= Permanent Representative of Nigeria to ECOWAS =

The Permanent Representative of Nigeria to the Economic Community of West African States (ECOWAS) is the senior diplomatic envoy appointed by the Government of the Federal Republic of Nigeria to represent the country at the ECOWAS Commission, the main executive organ of the regional political and economic union of West African states.

The Permanent Representative is Nigeria’s chief liaison with ECOWAS institutions, promoting Nigeria’s positions on regional policy, integration initiatives, peace and security matters, economic cooperation, free movement protocols and other continental priorities. The position is central to Nigeria’s diplomatic engagement and leadership in West Africa.

==Role and Responsibilities==
The Permanent Representative represents Nigeria at meetings of the ECOWAS Commission and other statutory bodies. He/she presents Nigeria’s views on regional integration, economic policy, security cooperation and development programmes. Part of the job includes coordinating Nigeria’s participation in ECOWAS programmes and ensuring compliance with community obligations; and acting as a senior advisor to the Nigerian government on matters relating to West African regional affairs and diplomacy. More so, the Permanent Representative facilitates communication between Nigerian ministries, agencies and ECOWAS institutions.

==Appointment==
The Permanent Representative is appointed by the President of Nigeria on the recommendation of the Minister of Foreign Affairs. The position is typically held by a senior career diplomat with extensive experience in foreign service, regional affairs, and multilateral diplomacy. The Representative presents Letters of Credence to the President of the ECOWAS Commission upon assumption of duty.

===Current and Recent Representatives===
Ambassador Olawale Emmanuel Awe is the current Permanent Representative of Nigeria to ECOWAS. He received his letter of credence in November 2025 pledging to advance Nigeria’s interests and deepen regional cooperation in areas of integration, security and development .
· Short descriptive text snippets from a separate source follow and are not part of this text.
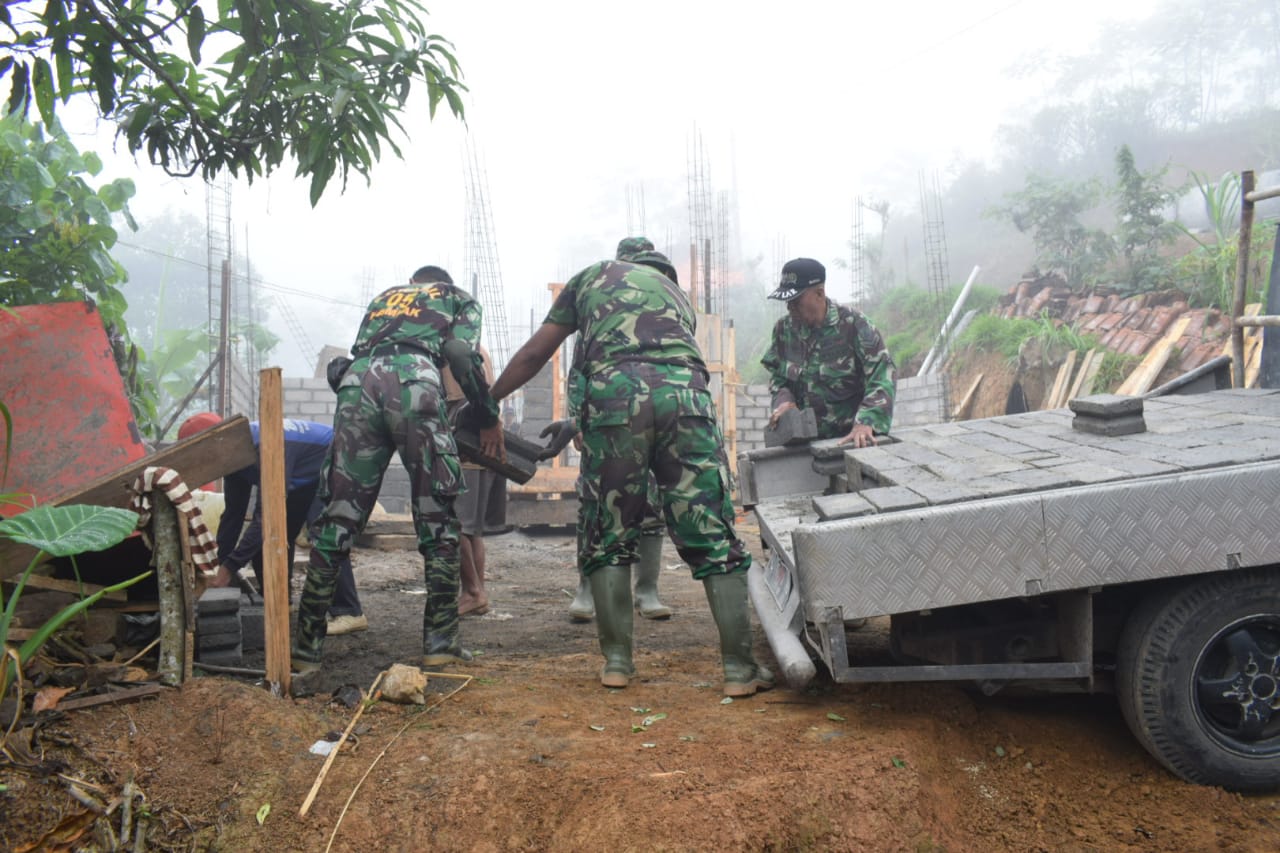 Batako Material Bari Datang, Satgas Bergegas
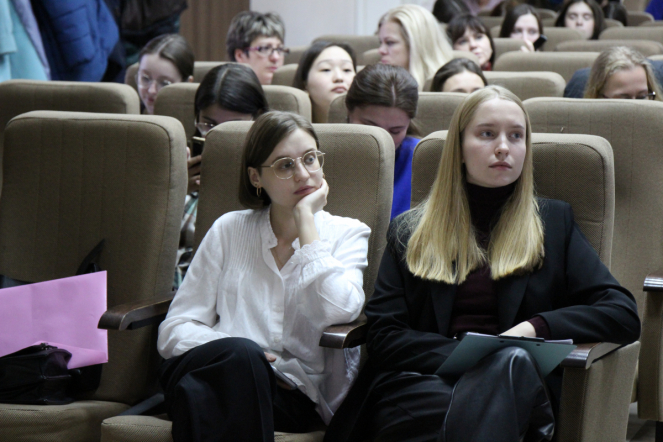 Сотрудникам и студентам Педиатрического университета рассказали, как избежать профессионального выгорания 9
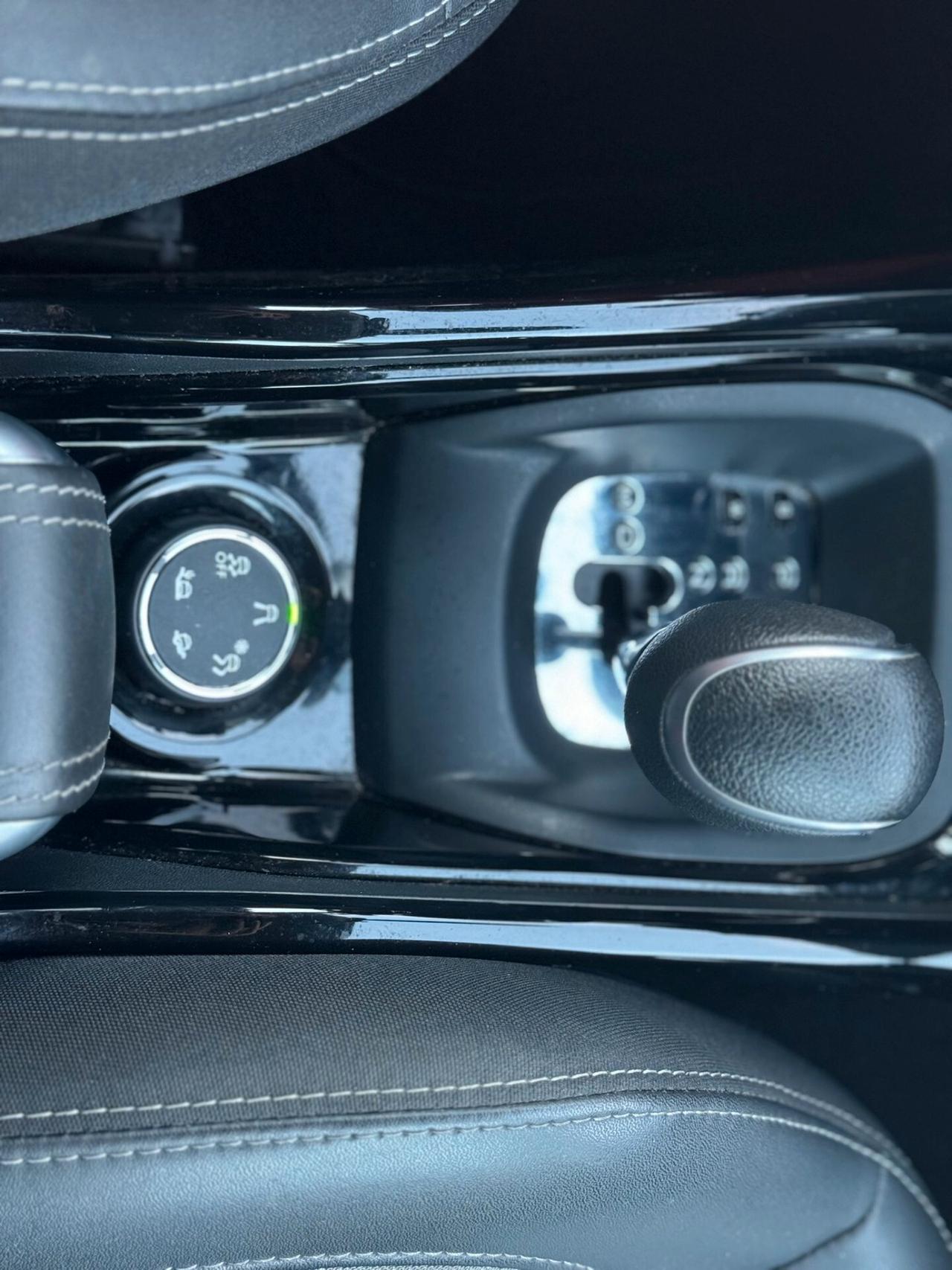 Peugeot 2008 PureTech Turbo 110 EAT6 S&S Allure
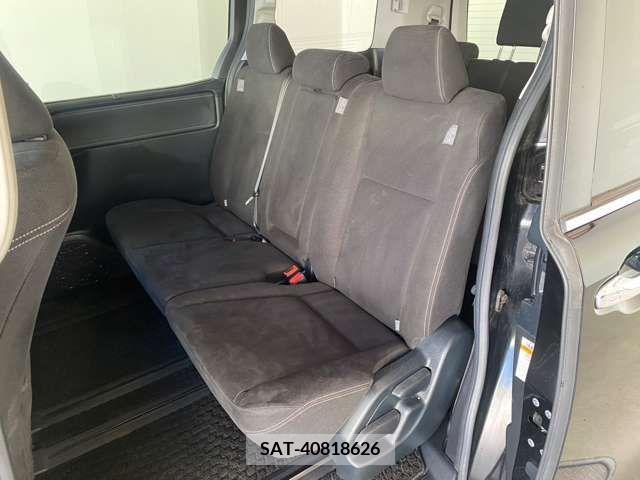 Toyota ESQUIRE 2017-02 268559-6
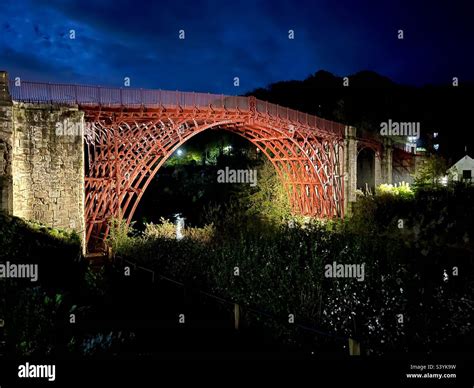 The historic Iron Bridge over the River Severn at Ironbridge, Shropshire. The first cast iron ...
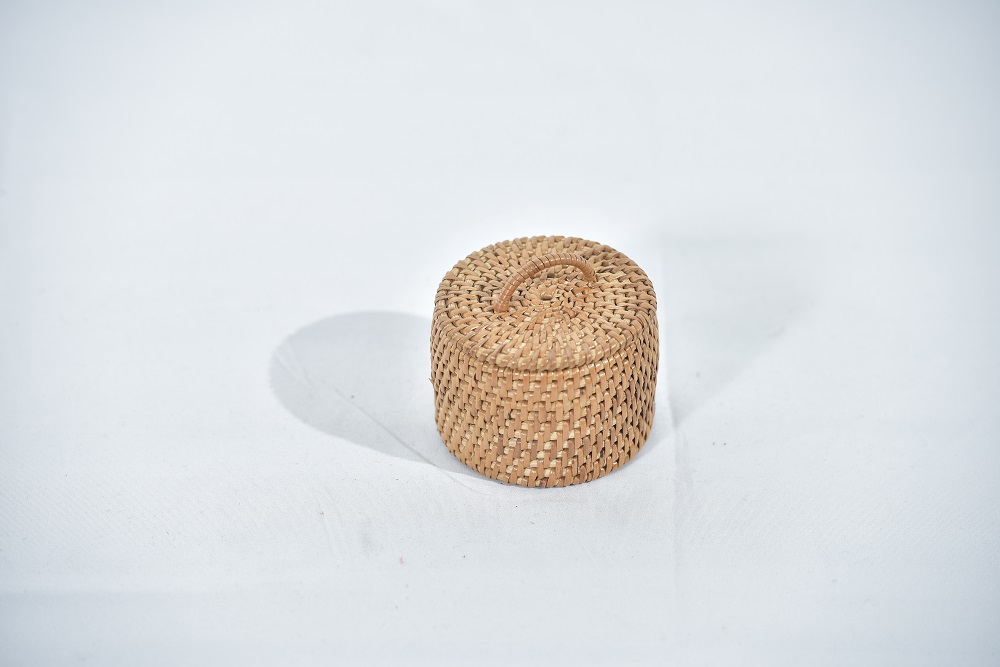 TINOMPOK HAND WOVEN RIBU-RIBU WITH HANDLE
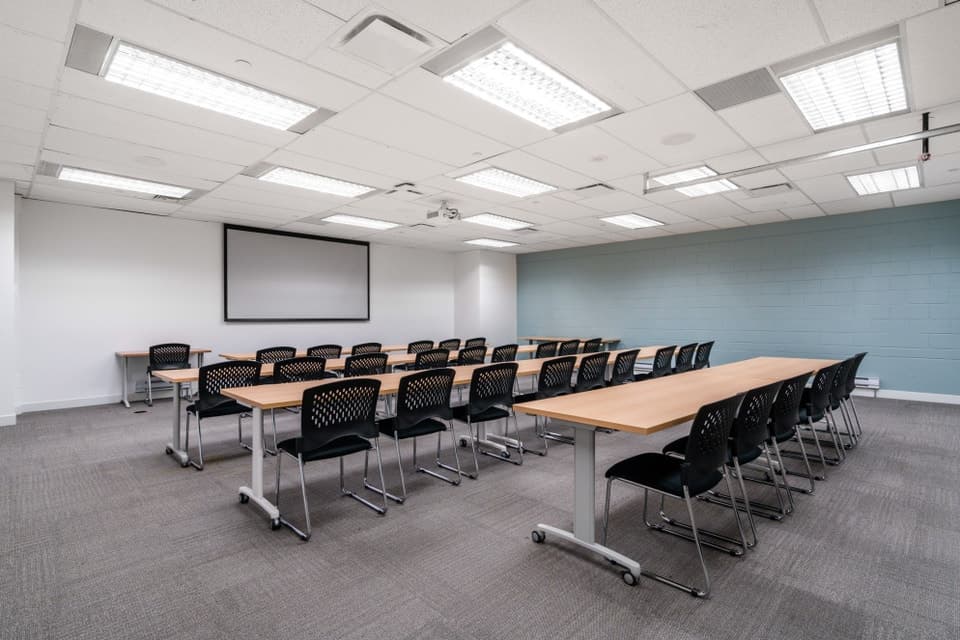 325 Front Street West, Toronto, ON, M5V 2Y1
Prior to Ambassador Awe’s appointment, Ambassador Musa Sani Nuhu served in the role, representing Nigeria at ECOWAS and engaging in diplomatic activities to promote regional integration and cooperation. His tenure included participation in key discussions on the implementation of ECOWAS protocols and initiatives.

==Significance==
As one of the founding and most populous ECOWAS member states, Nigeria plays a leading role in shaping ECOWAS policy and programmes. The Permanent Representative therefore functions as a key figure in this leadership by ensuring that Nigeria’s strategic priorities are reflected in ECOWAS decision-making processes, particularly in areas related to peace and security, the free movement of persons and goods, economic development, and regional diplomacy.